How political disillusionment can become a catalyst for life-changing decisions. About leaving the Czech Republic, searching for freedom, and witnessing the slow demise of a once-powerful party.
It will soon be fifteen years since I left the Czech Republic for good. But the decision had been slowly ripening inside me for five years before that.
I remember it like it was yesterday. At the end of July 2005, I watched on TV the brutal police crackdown on participants of CzechTek in Mlýnec—personally ordered by then-social democratic Prime Minister Paroubek. Watching riot police beat young people marked the end of the euphoria and carefree spirit of the 1990s for me. It brought back memories of crackdowns during the communist regime. Stories told by eyewitnesses came flooding back—like in 1974, when communist police in Rudolfov brutally beat attendees of a concert by The Plastic People of the Universe. Then came my own experiences from the late 1980s, when police, in the best-case scenario, would shut down punk and underground concerts—like Visací zámek’s gig in Hronovická Street in Pardubice—or, more often, beat and arrest people, like at the event near Kunětická hora.
It was a shock. A rude awakening.
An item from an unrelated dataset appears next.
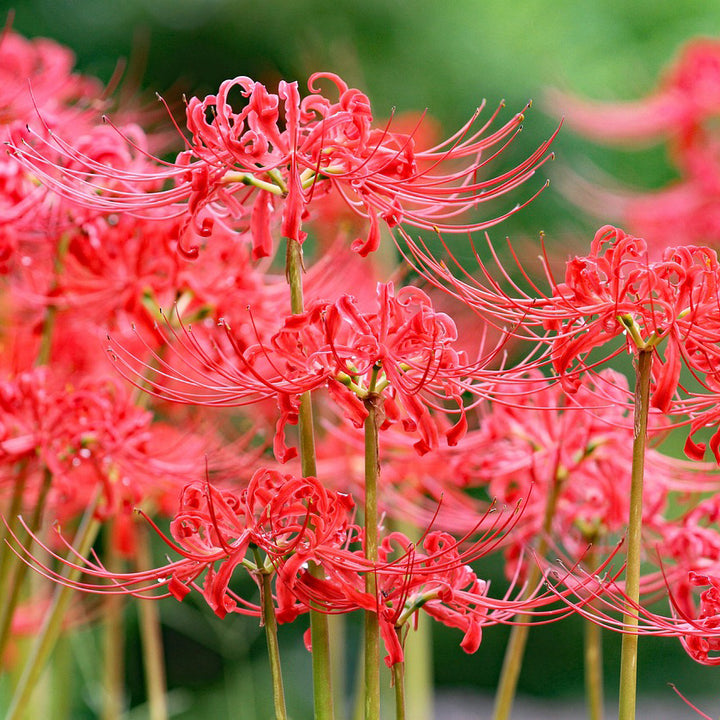 Red spider lily 1 Bulb | Lycoris radiata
I watched as cronyism, authoritarian practices, and everything I despised about the old regime began to creep back in.
That was when I stopped voting for the ČSSD for good. I went to protests, signed petitions, wrote emails to MPs—and a few years later, I even took part in the legendary egg-throwing at ČSSD leaders. As the moral decay deepened and spread from politics into society, I came to the decision to leave the Czech Republic permanently. The preparations took me about a year.
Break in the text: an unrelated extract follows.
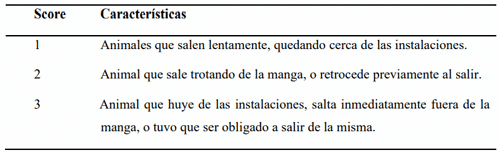 Tabla 2.2. Score de Salida de la manga (SS). Escala 1 a 3 adaptada de Grandin et al. (1995) y Woiwode et al. (2016).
On 28 September 2010, I boarded a plane in Prague—first to Seoul, then on to Brisbane. A new chapter of my life began, one that would take me first to Australia for a few years, and later here to London. Over the years, I’ve traveled a vast part of the world. I’ve seen extreme poverty and breathtaking wealth. I’ve crossed deserts and rainforests—and most importantly, I’ve met many amazing and fascinating people. The best decision of my life—one I would paradoxically never have made if it weren’t for Prime Minister Paroubek.
Epitaph
I sit in my London flat, a British passport in my drawer, and watch in real time as the oldest Czech political party—now just an empty shell—writhes in its death throes. For me, it’s been fifteen years of an incredible life. For it, fifteen years of painful dying.